-Re: Parser choking on irregular url
Lewis John Mcgibbney 2012-06-22, 14:50
On Fri, Jun 22, 2012 at 12:17 AM, Markus Jelsma
<[EMAIL PROTECTED]> wrote:
> Hi Lewis,
> You got fooled by the ampersand switch on Unix terminals that sends a command to the background. The  integers are Unix process ID's of the commands you have given.
> $ a&b&c is not one but three commands, sending a and b to the background. Your shell will output the [process ID] if a backgrounded command is finished.
> Encapsulate your URL with quotes and you are safe.
> -----Original message-----
>> From:Lewis John Mcgibbney <[EMAIL PROTECTED]>
>> Sent: Fri 22-Jun-2012 00:36
>> To: [EMAIL PROTECTED]
>> Subject: Parser choking on irregular url
>> Something that that turned up on another list  was a scenario where
>> the following URL  was being fetched for processing.
>> Having tried fetching and parsing the URL unsuccessfully outside of
>> Nutch I decided to try the parsechecker with the following output.
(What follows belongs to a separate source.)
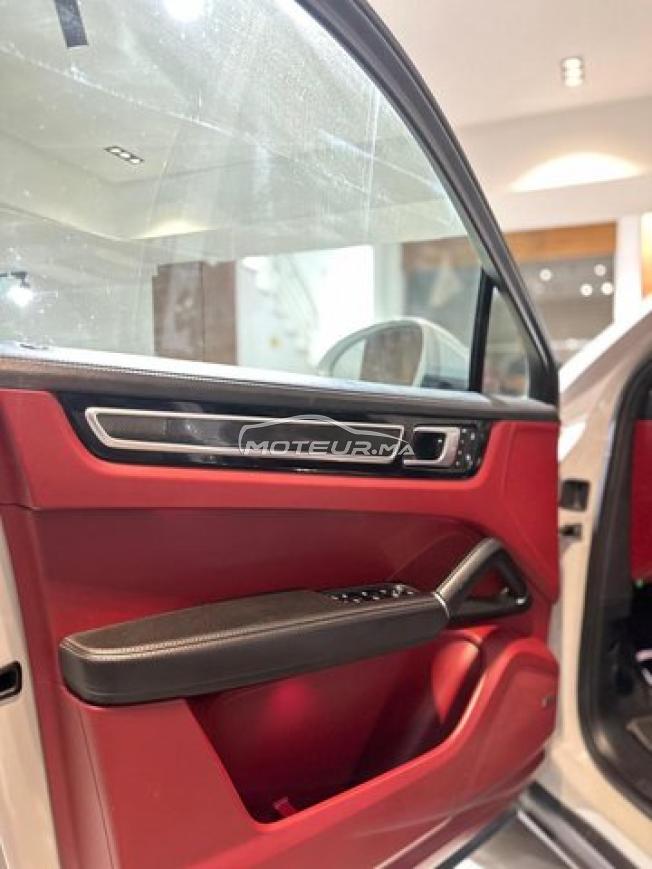 Porsche Cayenne Coupé E-Hybrid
>> More comments below the output...
>> ./bin/nutch parsechecker
>>  3086
>>  3087
>>  3088
>>  Done ./bin/nutch parsechecker
>> lewismc@lewismc-HP-Mini-110-3100:~/ASF/trunk/runtime/local$ fetching:
>> parsing: http://en.wikipedia.org/w/api.php?action=query
>> contentType: text/html
>> signature: e29908847945e7dc482c2f6d6129a11c
>> Version: 5
>> Status: success(1,0)
>> Title: MediaWiki API Result
>> Outlinks: 2
>> outlink: toUrl: https://www.mediawiki.org/wiki/API anchor: complete
>> outlink: toUrl: http://en.wikipedia.org/w/api.php anchor: API help
>> Content Metadata: Vary=Accept-Encoding,X-Forwarded-Proto Date=Thu, 21
>> Jun 2012 22:14:21 GMT Content-Length=427 Content-Encoding=gzip
>> Connection=close X-Cache-Lookup=MISS from
>> amssq38.esams.wikimedia.org:80 Content-Type=text/html; charset=utf-8
>> X-Cache=MISS from amssq38.esams.wikimedia.org Server=Apache
>> Cache-Control=private X-Content-Type-Options=nosniff
>> Parse Metadata: CharEncodingForConversion=utf-8 OriginalCharEncoding=utf-8
>> 1) What do the integers within the 's represent?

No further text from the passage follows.